Season recap: Ryan Schlieper
Maryland offensive line commitment Ryan Schlieper had his work cut out for him as a senior.
Schlieper, a 6-foot-5, 278-pound left tackle, was expected to play a major role for North Allegheny (Pa.) this season. But that role was expanded in a hurry, according to Tigers head coach Art Walker.
“We had an injury to our right tackle in the first week,” Walker said. “So for the next three weeks, we [ran to the left side the majority of the time]. People knew we were going that way and Ryan still got the job done. If we needed someone to pull, week in and week out, he rose to the occasion and got it done. Whenever we were down a guy and limited running the ball effectively, he responded completely.”
Schlieper, a captain, helped North Allegheny (6-5) to the second round of the playoffs.

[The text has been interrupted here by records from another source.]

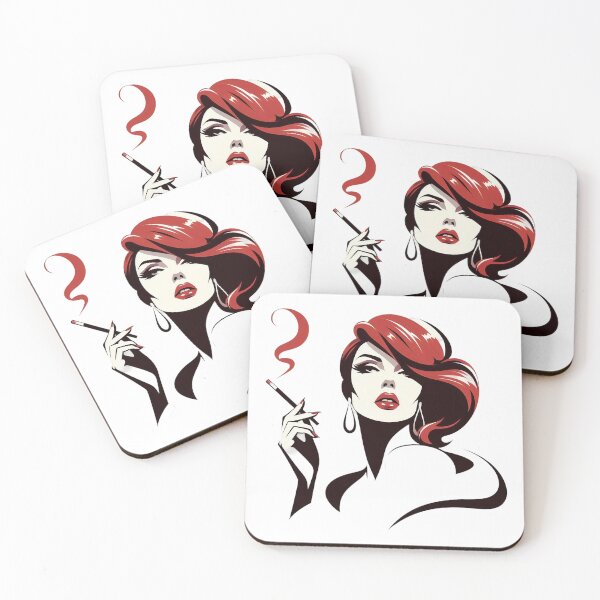 Item preview, Retro Smoking Woman Vintage Glamour Fashion Portrait Design. designed and sold by Spark2Seduction.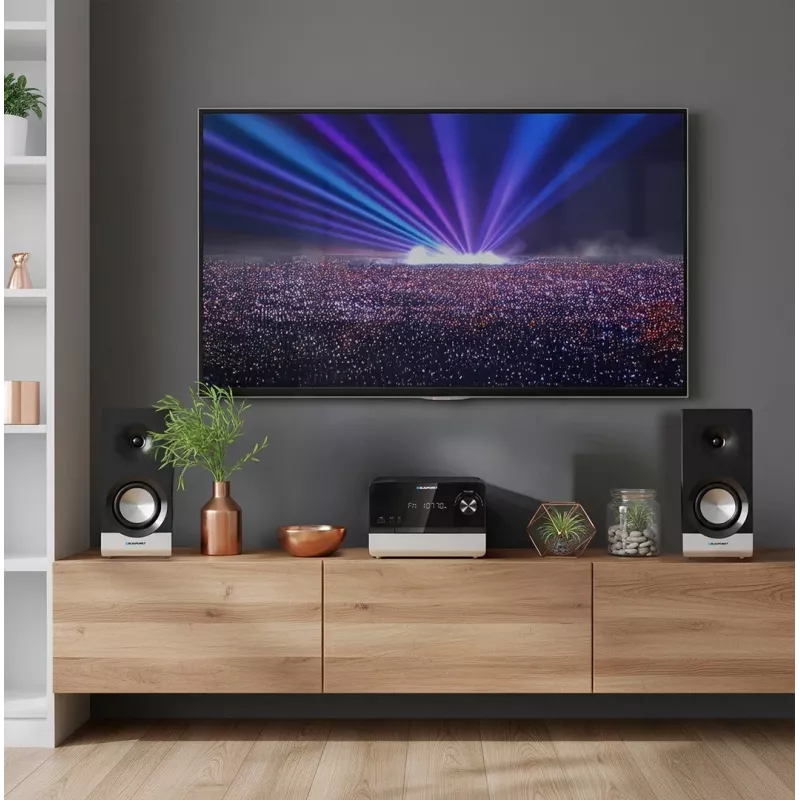 Home-audio-microsysteem BLAUPUNKT MS40.2BT — 2×50 W RMS, Bluetooth, CD, USB, HDMI ARC, optische ingang, LED-display (zwart)
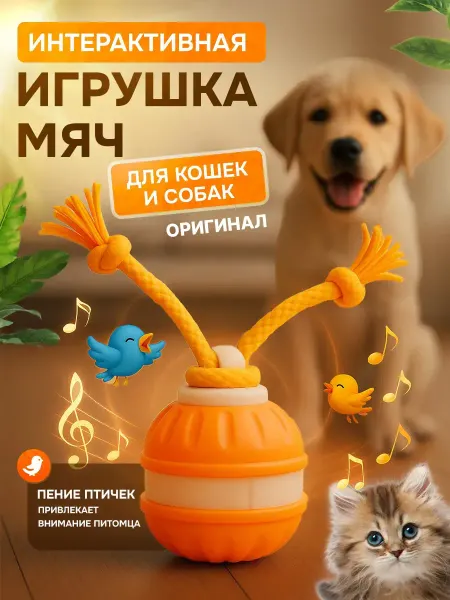 Лапорум Интерактивный умный мяч игрушка для собак и кошек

For his efforts, Schlieper was named to the Pittsburgh Post-Gazette’s Fabulous 22, a list honoring the top high school football players in the Western Pennsylvania Interscholastic Athletic League and Pittsburgh City League.
“He was fantastic,” Walker said. “He did a good job as a junior, but he really had a great year this year. His pass blocking improved, his run blocking improved. He had a great year.”
Walker thinks Schlieper will be an asset to future Maryland offensive lines thanks to his versatility. While he played tackle in high school, there’s a chance Schlieper could fill any O-line role in college.
“They’re bringing him in as an offensive lineman,” Walker said. “They’re looking at him first as a tackle. But, if need be, they can move him to the guard position.
“He’s a big kid with the frame to put on weight. He’s very marketable from a standpoint that he’s athletic for his size. ... He could probably play any spot up front on the offensive line.”
Walker said Schlieper is a tireless worker who will likely spend the majority of his remaining high school days in the weight room. Walker said there’s no doubt in his mind that Schlieper will arrive in College Park ready for the challenge.
“He’s a smart, hard worker who puts the time in. He’ll be prepared,” Walker said. “He’s a lineman, so he’s not one of those guys that looks for accolades or needs to hear his name called. He’s more worried about the team and doing his part to make sure the ultimate goal -- winning the game -- is accomplished.”